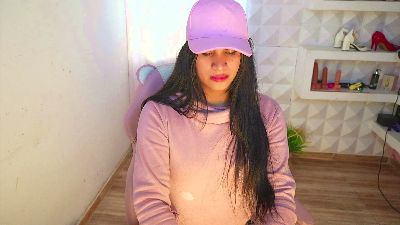 mara_bella_ live cam on Cam4
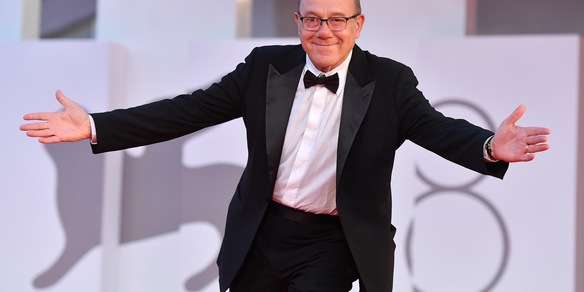 Festa Roma, edizione pop con tanti ospiti: da Verdone a Chastain fino a Cuaron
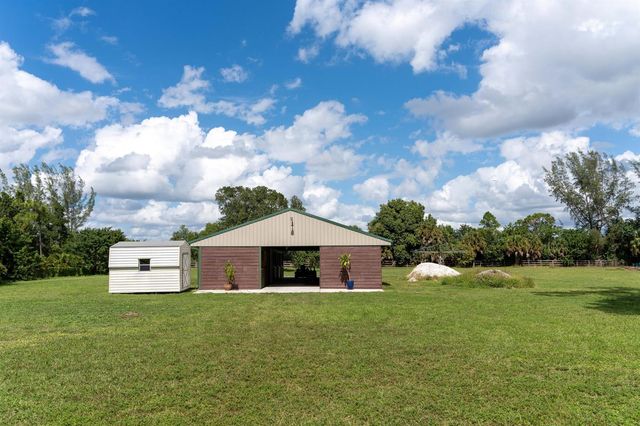 14279 43rd Road N, Loxahatchee, FL 33470
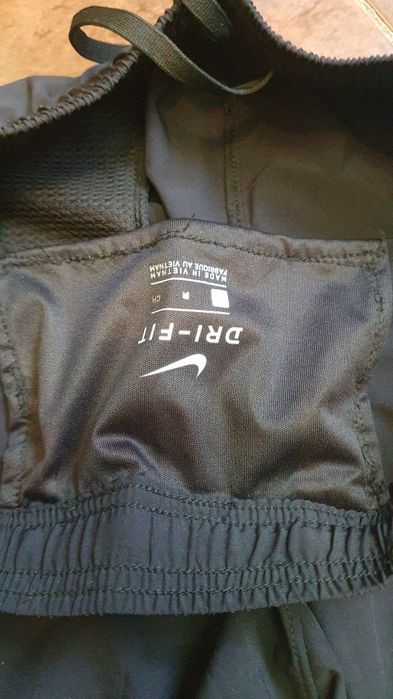 Nike спортивные брюки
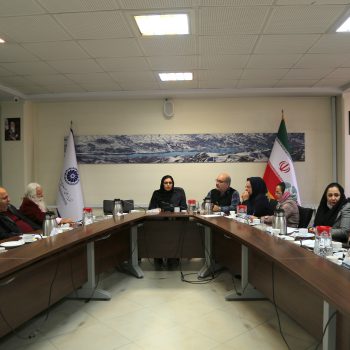 برگزاری کمیسیون گردشگری اتاق بازرگانی البرز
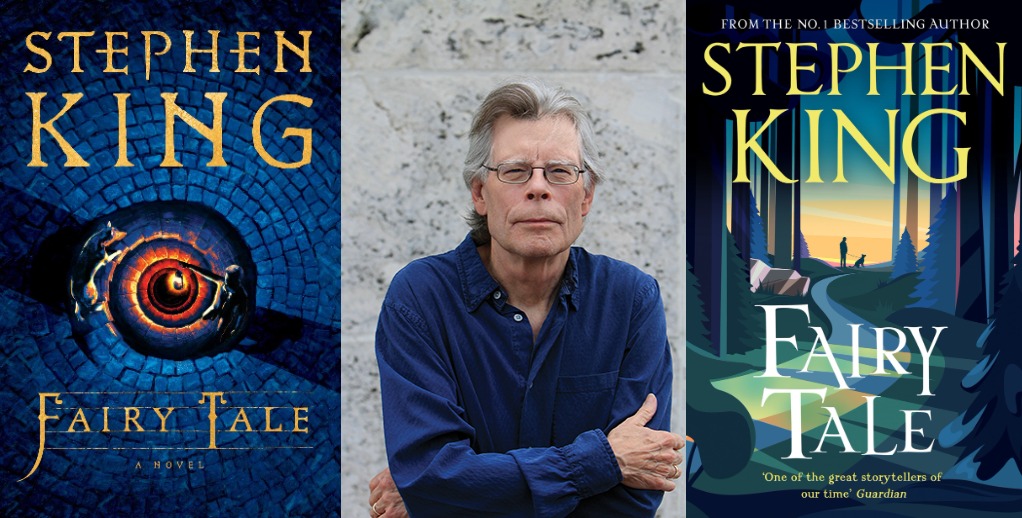 Стівен Кінг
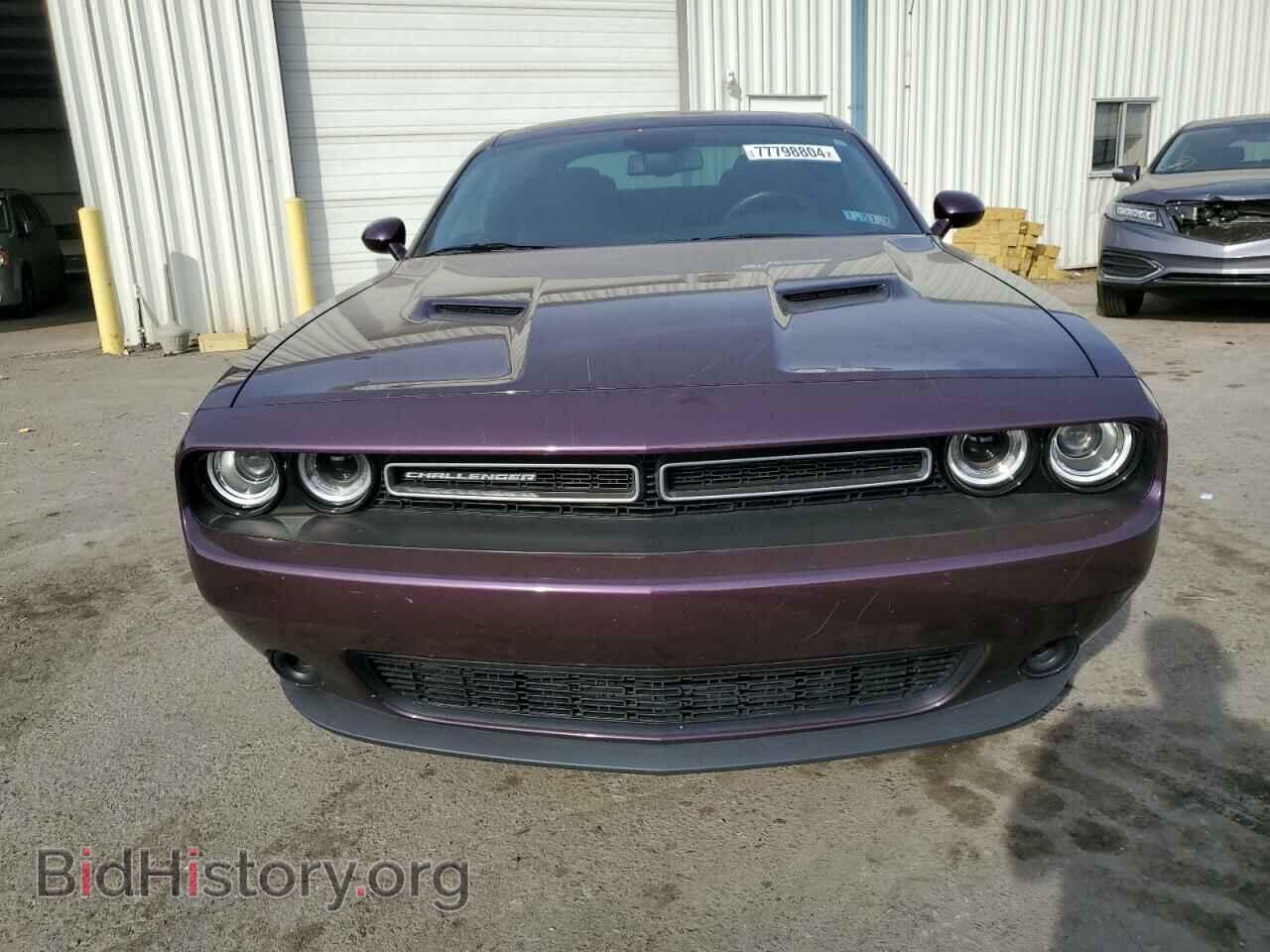 2020 DODGE CHALLENGER - VIN: 2C3CDZAG4LH157133 - Фото 5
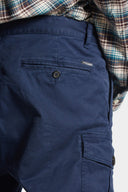Pantaloni DSQUARED2, Cargo Pants, S74KB0818S39021486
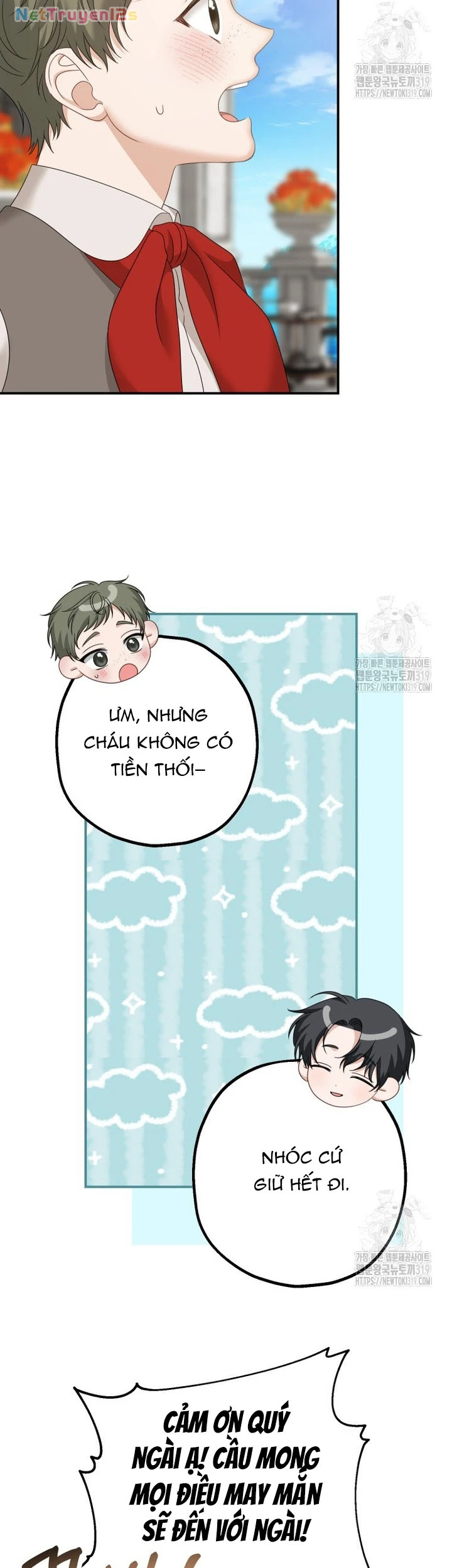Khi Bị Nam Chính Ám Ảnh Biến Tôi Thành Nữ Chính Chapter  20 - 7
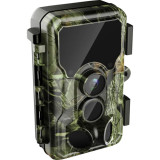 SJCAM M50 戶外狩獵相機 | 監控攝像頭| 熱釋電紅外傳感技術 | 超低功耗  | 野外長時間工作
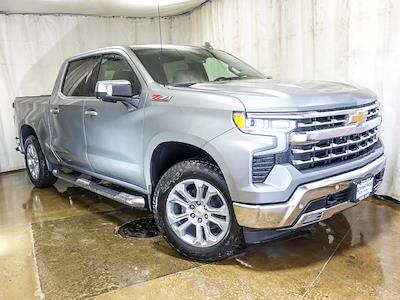 New 2026 Chevrolet Silverado 1500 - photo 1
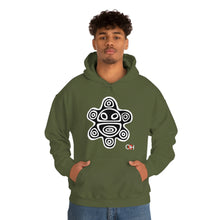 Load image into Gallery viewer, Sol Taino Hoodie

WORK INSTRUCTIONS
Take the material above from the line containing "Festa Roma, edizione" up to and including the line containing "New 2026 Chevrolet Silverado 1500 - photo 1" and retype it exactly, without any pictures.

SOLUTION FOR THIS EXERCISE
 Festa Roma, edizione pop con tanti ospiti: da Verdone a Chastain fino a Cuaron
 14279 43rd Road N, Loxahatchee, FL 33470
 Nike спортивные брюки
 برگزاری کمیسیون گردشگری اتاق بازرگانی البرز
 Стівен Кінг
 2020 DODGE CHALLENGER - VIN: 2C3CDZAG4LH157133 - Фото 5
Pantaloni DSQUARED2, Cargo Pants, S74KB0818S39021486
Khi Bị Nam Chính Ám Ảnh Biến Tôi Thành Nữ Chính Chapter  20 - 7
 SJCAM M50 戶外狩獵相機 | 監控攝像頭| 熱釋電紅外傳感技術 | 超低功耗  | 野外長時間工作
 New 2026 Chevrolet Silverado 1500 - photo 1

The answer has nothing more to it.